Keywords: Sign language, Arabic sign language (ARSL), Arabic sign dataset, Arabic deaf community
Specifications Table
| Subject | Computer Sciences, Computer Vision, Deep Learning, Fuzzy Logic |
| Specific subject area | Sign Language Recognition, Bidirectional Sign-to-Text and Text-to-Sign Translation. |
| Type of data | Labeled RGB images (JPEG/PNG) format; Metadata files (CSV, NPY) for metadata and dictionary; Python scripts used for acquisition, preprocessing, quality control, sign translation Demo; documentation files. |
| Data collection | The ArYSL Version 2 database consists of nearly 35,900 annotated RGB frames with 32 classes of Arabic signs. Datasets are grouped into labeled directories containing metadata CSVs in addition to NPY files and the 357-word Arabic dictionary to enable semantic mapping and models training.
|
| Data source location | Multiple regions in Taiz City, Yemen, across different schools and one university the data collection process coordinated by Software Engineering Department – Taiz University – Taiz City – 3086, Yemen |
| Data accessibility | Repository name: ArYSL: Arabic Yemeni Sign Language [1]
|
| Related research article | Mosleh, M. A. A., & Gumaei, A. H. (2024). An Efficient Bidirectional Android Translation Prototype for Yemeni Sign Language Using Fuzzy Logic and CNN Transfer Learning Models. DOI: 10.1109/ACCESS.2024.3512455 Publisher: IEEE Access.
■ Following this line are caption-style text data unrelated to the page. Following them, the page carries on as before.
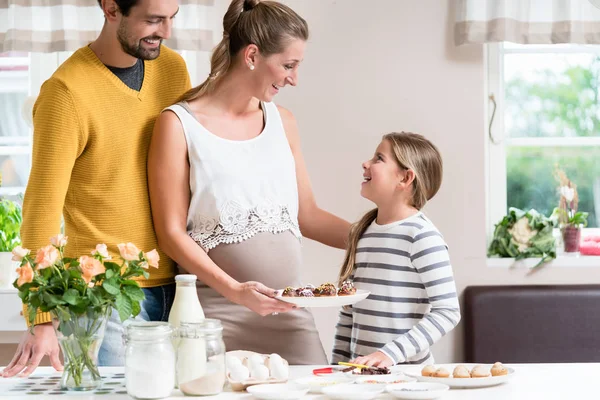 Familia con madre embarazada horneando juntos en la cocina —  Fotos de Stock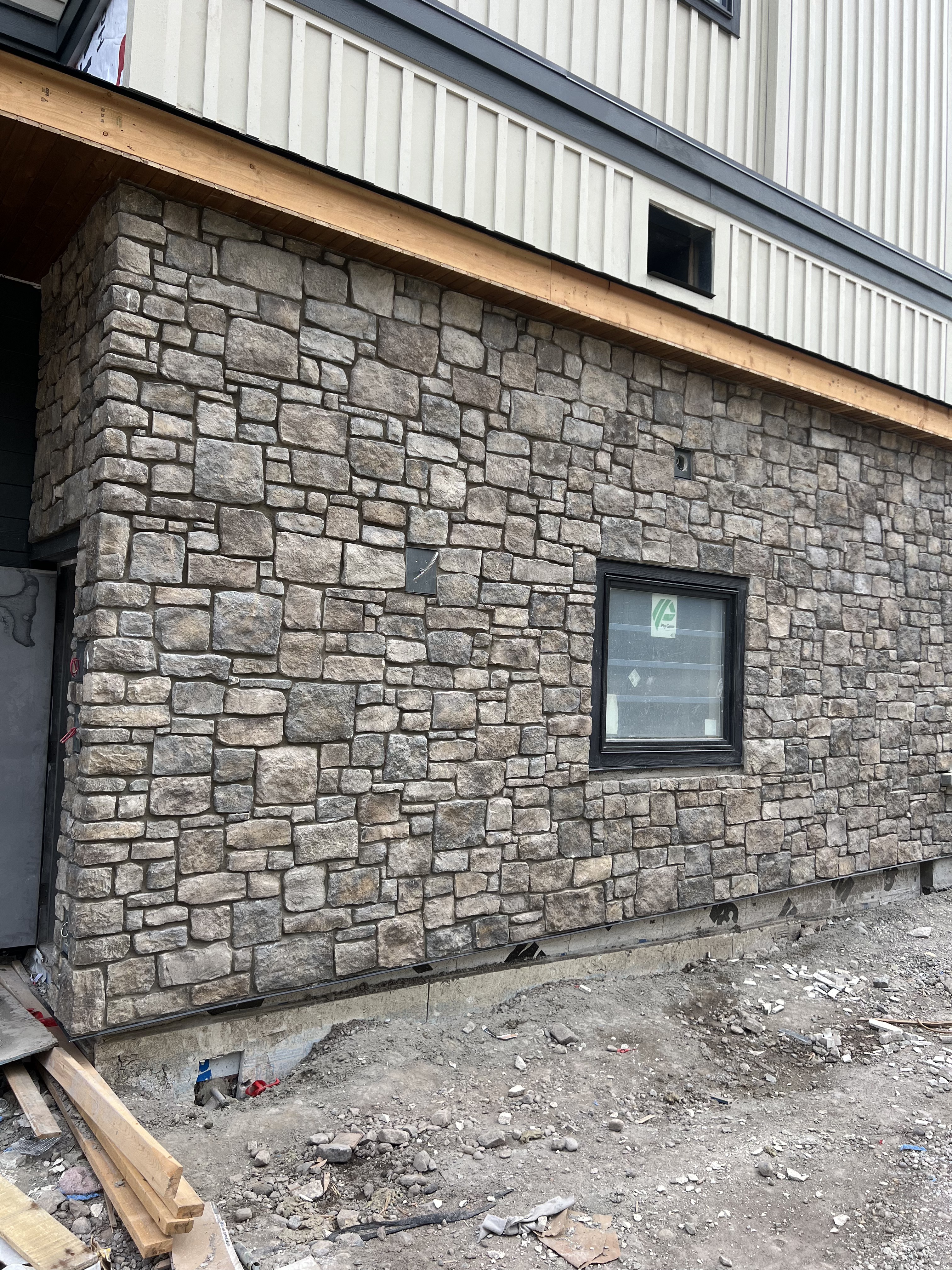 Full wall tumbled stone installation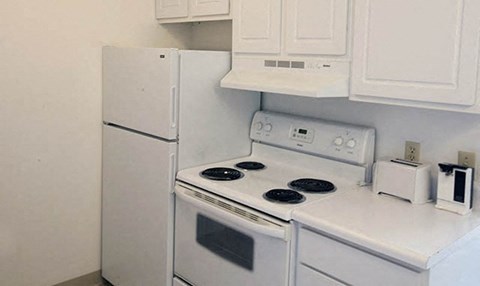 a white kitchen with a stove and a refrigerator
URL: https://ieeexplore.ieee.org/abstract/document/10778485 [2]. |
1. Value of the Data
-
•
It is the first open dataset of Arabic Yemeni Sign Language (ArYSL) at a large scale and is intended to facilitate the development of accessible, region-localized sign language technology for Arabic-speaking people.
-
•
The dataset is freely available to be used for academic and research purposes, and is legally restricted for non-commercial applications.
-
•
ArYSL Version 2 is a dataset of 35,900 RGB pictures for 32 culturally interested stationary sign categories, taken in semi-uncontrolled real-life setups.
-
•
It supports two-way translation between written Arabic and Yemeni Sign Language through a structured dictionary of 357 Arabic words, incorporating synonyms, nuanced forms, phonetic spelling variations, and common errors.
-
•Researchers and interested experts can develop and explore machine learning systems using this dataset for bidirectional sign translators, including use cases such as:
-
○Developing baseline CNN models for sign classification
-
○Integrating fuzzy matching for Arabic NLP pipelines in text-to-sign translation
-
○Building mobile and web applications for deaf education and assistive communication.
-
○
-
•
The ArYSL Version 2 dataset has been evaluated using several CNN models—such as MobileNetV2, ResNet152, DenseNet121, InceptionV3, Xception, and VGG16—in the aforementioned research activities, demonstrating its effectiveness in real-time deployable sign recognition systems [[2], [3], [4]].
2. Background
Arabic Sign Language recognition systems had limited access to any large publicly available datasets, particularly those with the diversity and subtlety of regional dialects. Existing resources are often limited by small vocabularies, constrained environments [5], alphabet-based datasets [6,7], or standardization approaches that fail to represent real-world application. To overcome these difficulties, the ArYSL Version 2 dataset was created to provide a large variety of nearly 35,900 sign images. This data article describes the most complete ArYSL Version 2 dataset that builds on previous releases by expanding the number of sign classes and enhancing preprocessing procedures.
3. Data Description
The Arabic Yemeni Sign Language (ArYSL) Version 2 dataset is a high-resolution, curated dataset that can support research toward the automatic bidirectional recognition and translation of the Arabic Sign Language. This new version presents a major improvement of the previous one ArYS Version 1 dataset [8], by expanding it in the coverage of classes, number of samples, and the inclusion of a structured lexical mapping resource. The ArYSL Version 1 of the dataset included 14 sign classes as part of preliminary research; however, detailed participant documentation was not recorded at that stage. The images of ArYSL Version 1 were re-verified and re-annotated under the standardized protocols established for Version 2 to ensure consistency in labeling, image quality, and metadata structure. After validation, approximately 11,637 sign images from ArYSL Version 1 were retained and integrated with the newly collected data from this study to construct the final comprehensive dataset, referred to as ArYSL Version 2. In contrast, this study involved 35 participants who contributed a total of 24,246 new and distinct sign images across 18 sign classes. These were integrated with the existing images from 14 additional classes in the original ArYSL Version 1 dataset. As a result, the final ArYSL Version 2 dataset comprises approximately 35,900 annotated images covering 32 sign classes. Based on the documented records from ArYSL Version 2, this equates to an average of approximately 693 sign images per participant.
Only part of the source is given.